Islamabad, Aug 07: In a novel campaign to curb illegal arms manufacturing in Pakistan's wild western tribal belt, authorities are attempting to lure tribal weapons makers into the military's key defence production facility. The move by the Pakistan Ordinance Factories (POF) is paying dividends, officials say, pointing to the slowing of production in the multi-million dollar Darra Adam Khel Arms Bazaar, near the North West Frontier Province capital Peshawar and close to the Afghan border.

"So far, we have brought in around 100 top quality 'artisans' to the complex. Their absence and their presence here is certainly making a big difference," POF chairman Lieutenent General Abdul Qayyum told a news agency. Picked up from some 300 workshops operating in the tribal belt, they are employed at PoF, a cluster of 14 factories 40 kilometers north of Islamabad that make up Pakistan's key arms manufacturing complex.

Tribesmen admit that the PoF recruitment scheme had slowed arms production in their home region.

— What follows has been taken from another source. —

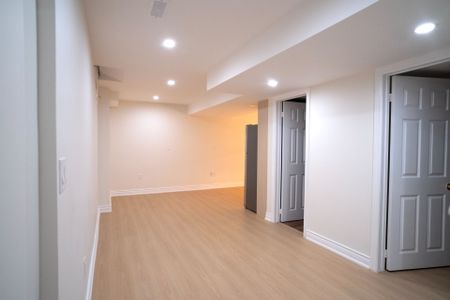 For Lease - 18 Macbride Crescent, Vaughan, Ontario - Photo 5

"Many people are losing jobs," said Mohammad Waqas Afridi, who specialises in assembling crude replicas of the Russian Kalashnikov assault rifle AK-47, popular among tribesmen in Pakistan and Afghanistan. The arms trade in Darra Adam Khel played a key role during the 1979-89 war against soviet occupation of Afghanistan, and the subsequent civil war among rival Mujahedin groups.